Visual Guide to Applied Convolution Neural Networks
Convolutional Neural Networks (CNNs) have been the undisputed champions of Computer Vision (CV) for almost a decade. Their widespread adoption kickstarted the world of deep learning; without them, the field of AI would look very different today.
Before deep learning with CNNs, CV applications relied on brittle edge detection algorithms, color profiles, and a plethora of manually scripted processes. These could rarely be applied across different datasets or use cases.
The result is that every dataset and every use-case required significant manual intervention and domain-specific knowledge, rarely producing performance acceptable for broader use.
Deep-layered CNNs changed this. Rather than manual feature extraction, CNNs proved capable of doing this automatically for a vast number of datasets and use cases. All they needed was training data.

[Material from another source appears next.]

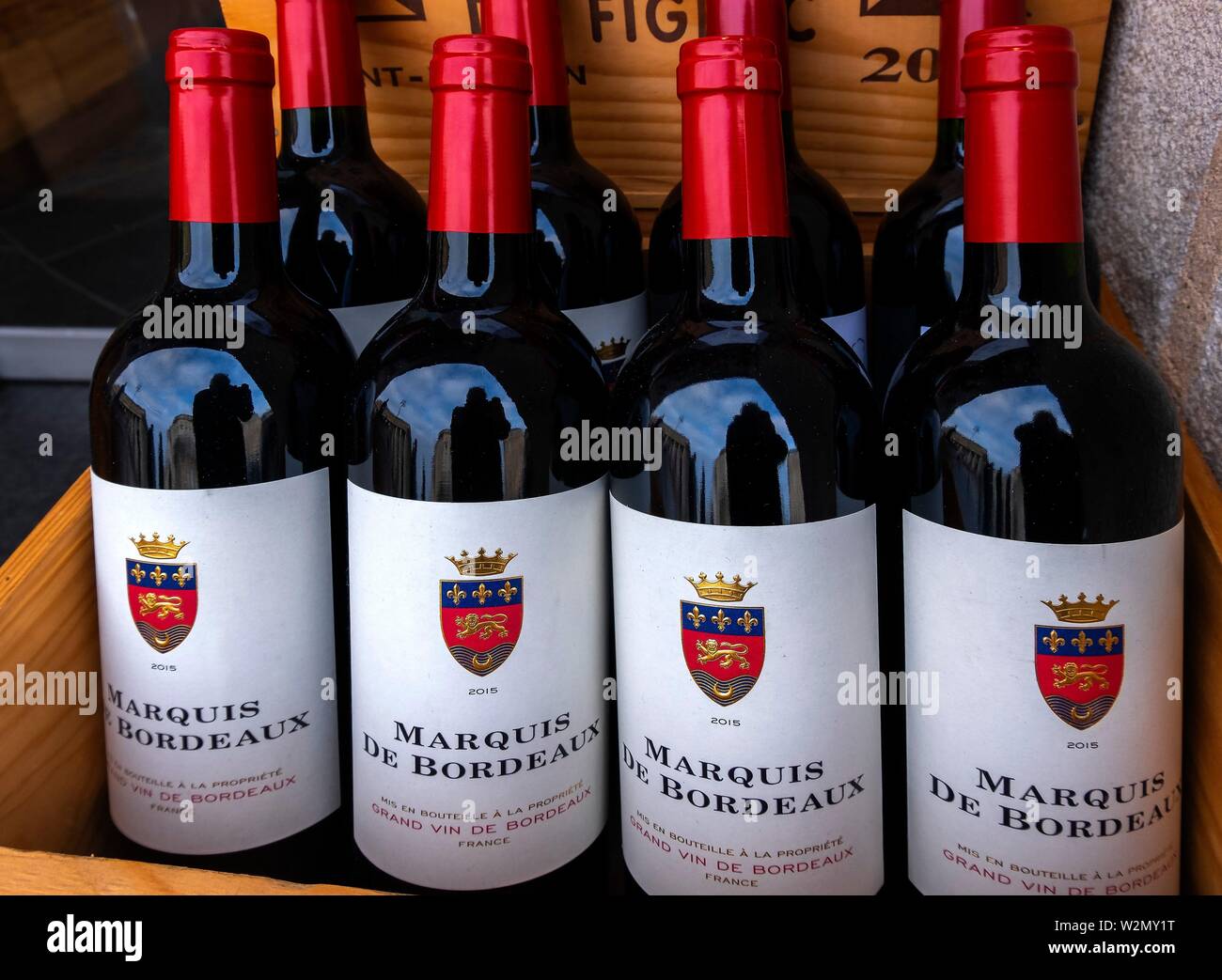 France-Foord und trinken - die Bordeaux Weine.. Stockfoto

Big data with deep CNNs have remained the de-facto standard in computer vision. New models using vision transformers (ViT) and multi-modality may change this in the future, but for now CNNs still dominate state-of-the-art benchmarks in vision. In this hands-on article we will learn why.
What Makes a CNN?
CNNs are neural networks known for their performance on image datasets. They are characterized by something called a convolutional layer that can detect abstract features of an image. These images can be shifted, squashed, or rotated; if a human can still recognize the features, a CNN likely can too.
Because of their affinity to image-based applications, we find CNNs used for image classification, object detection, object recognition, and many more tasks within the realm of CV.
Deep-layered CNNs are any neural network that satisfies two conditions; (1) they have many layers (deep), and (2) they contain convolutional layers. Beyond that, networks can have many features, including pooling, normalization, and linear layers.
Convolutional Layers
An image is a big array of pixel activation values. These arrays are followed by more arrays of (initially random) values – the weights – that we call a “filter” or “kernel”. A convolutional layer is an element-wise multiplication between these pixel values and the filter weights – which are then summed.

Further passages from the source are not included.